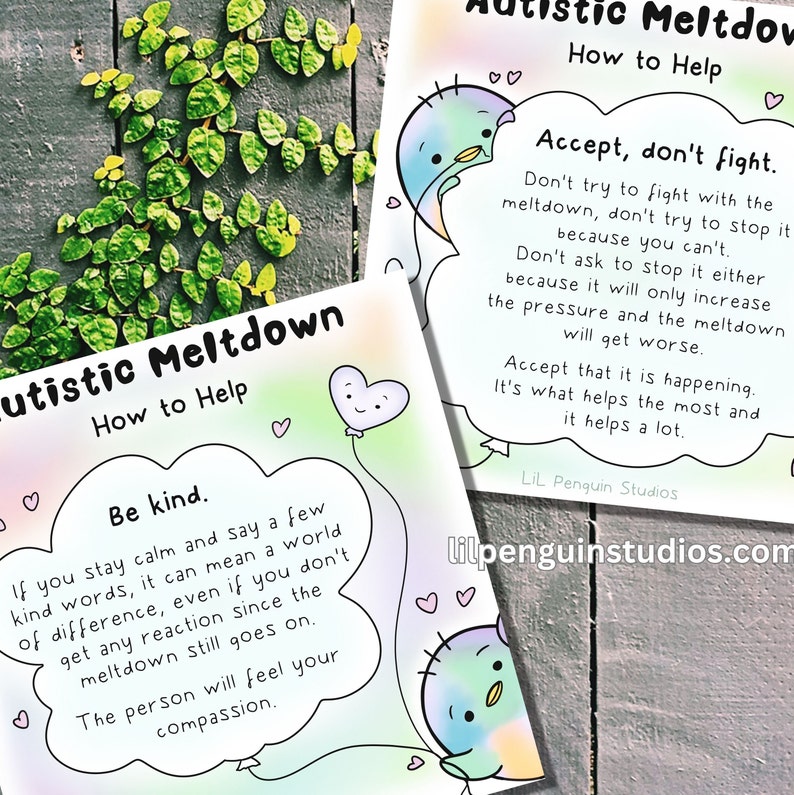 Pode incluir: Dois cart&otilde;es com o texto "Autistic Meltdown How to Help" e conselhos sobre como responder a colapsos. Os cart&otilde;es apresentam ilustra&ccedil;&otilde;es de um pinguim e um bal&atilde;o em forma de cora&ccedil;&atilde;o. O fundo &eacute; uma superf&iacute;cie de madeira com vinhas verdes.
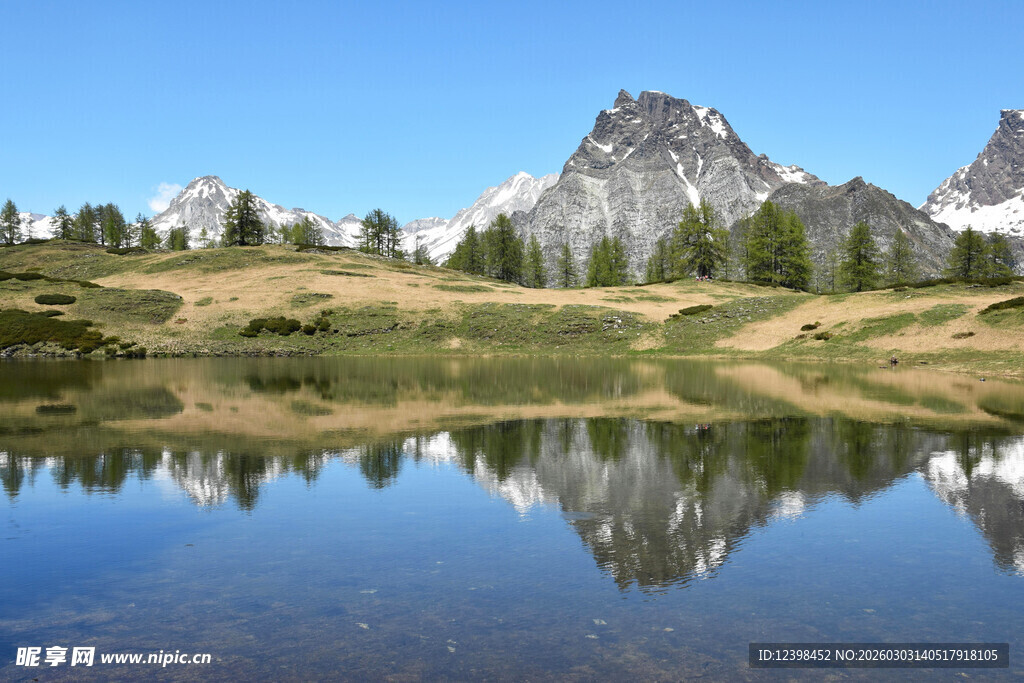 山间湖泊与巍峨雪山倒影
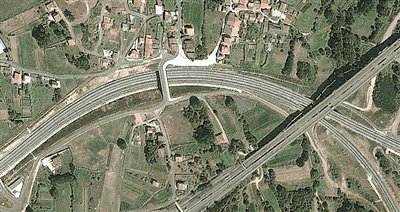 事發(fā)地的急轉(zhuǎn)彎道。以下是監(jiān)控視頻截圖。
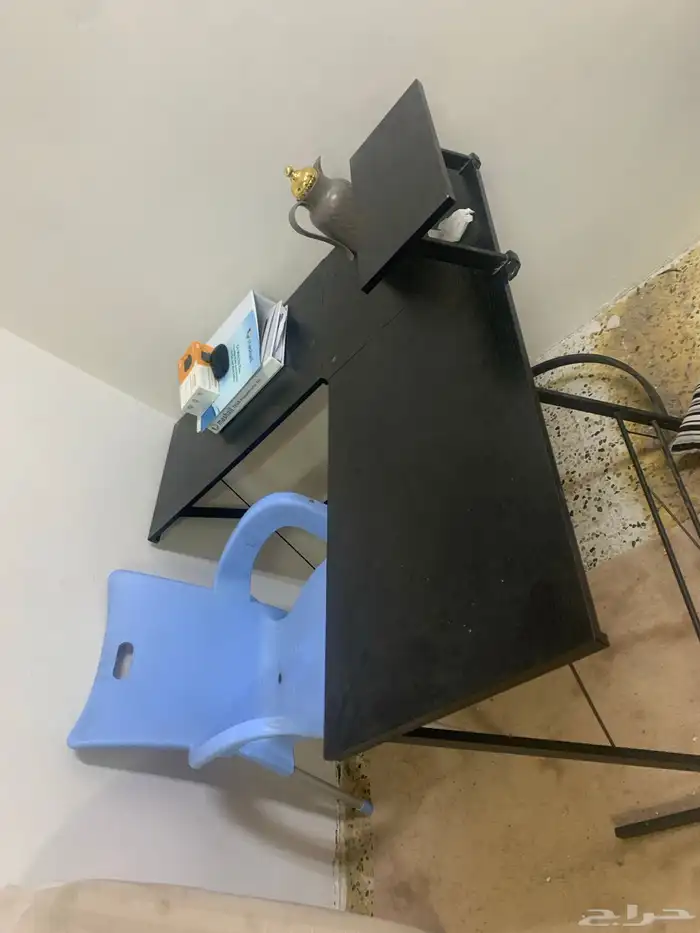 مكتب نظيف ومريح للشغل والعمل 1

EXERCISE REQUIREMENTS
Down to the last line, reproduce the material above exactly; skip its images.

ANSWER FOR THIS EXERCISE
 Pode incluir: Dois cart&otilde;es com o texto "Autistic Meltdown How to Help" e conselhos sobre como responder a colapsos. Os cart&otilde;es apresentam ilustra&ccedil;&otilde;es de um pinguim e um bal&atilde;o em forma de cora&ccedil;&atilde;o. O fundo &eacute; uma superf&iacute;cie de madeira com vinhas verdes.
 山间湖泊与巍峨雪山倒影
 事發(fā)地的急轉(zhuǎn)彎道。以下是監(jiān)控視頻截圖。
 مكتب نظيف ومريح للشغل والعمل 1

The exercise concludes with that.